Exercise material section start

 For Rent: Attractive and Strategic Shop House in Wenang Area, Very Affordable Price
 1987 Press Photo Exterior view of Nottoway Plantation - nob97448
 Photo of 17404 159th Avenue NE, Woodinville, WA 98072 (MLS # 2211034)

Exercise material section end
Exercise material section start

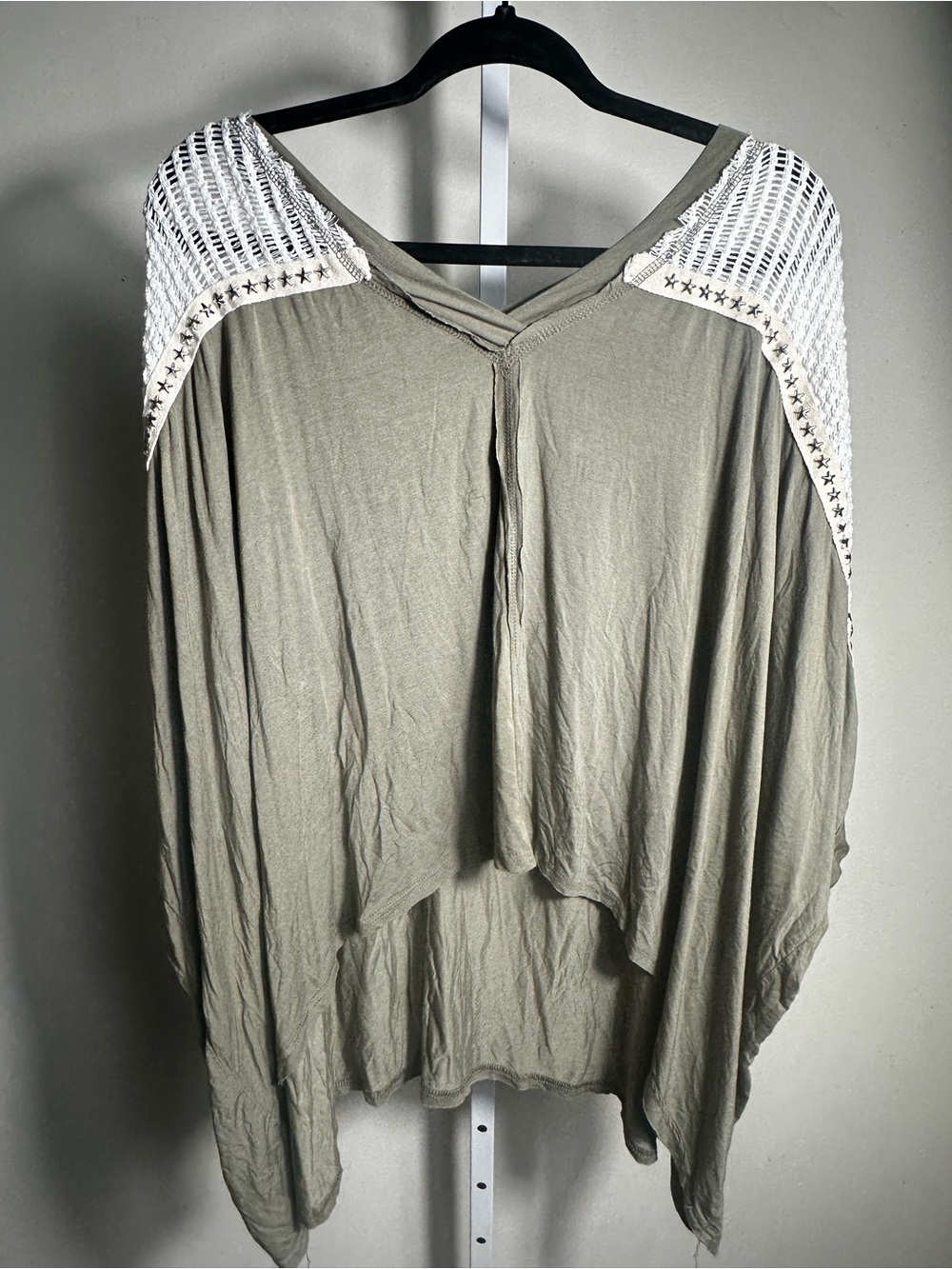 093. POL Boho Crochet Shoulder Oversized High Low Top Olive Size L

Exercise material section end
Exercise material section start

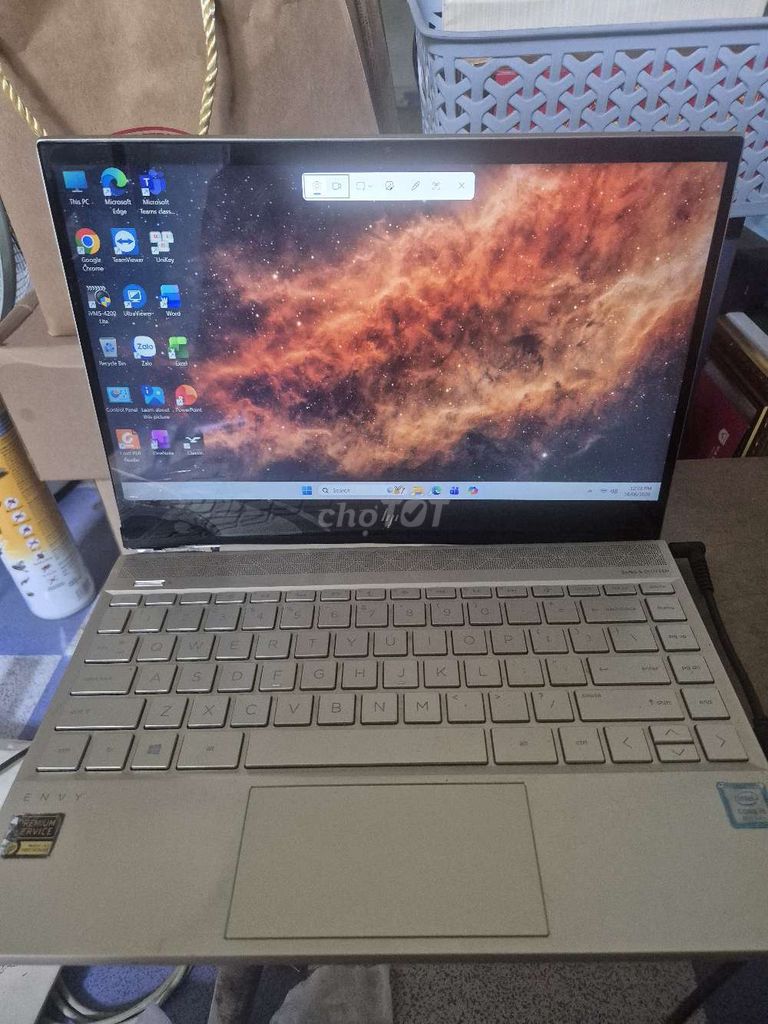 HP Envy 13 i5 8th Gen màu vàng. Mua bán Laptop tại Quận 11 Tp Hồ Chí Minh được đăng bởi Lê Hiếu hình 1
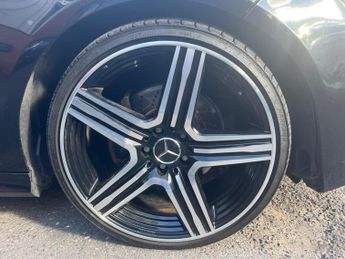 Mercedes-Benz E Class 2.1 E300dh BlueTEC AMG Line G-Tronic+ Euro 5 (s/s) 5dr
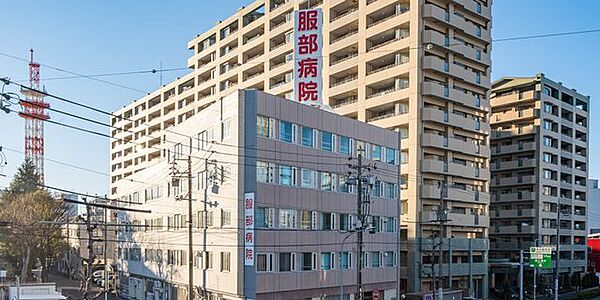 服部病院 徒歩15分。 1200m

Exercise material section end

- What you need to do
Above are records; write out the lines from the one with "HP Envy 13 i5" down to the one with "服部病院 徒歩15分。 1200m", exactly, leaving the pictures out.

- Exercise response
 HP Envy 13 i5 8th Gen màu vàng. Mua bán Laptop tại Quận 11 Tp Hồ Chí Minh được đăng bởi Lê Hiếu hình 1
 Mercedes-Benz E Class 2.1 E300dh BlueTEC AMG Line G-Tronic+ Euro 5 (s/s) 5dr
 服部病院 徒歩15分。 1200m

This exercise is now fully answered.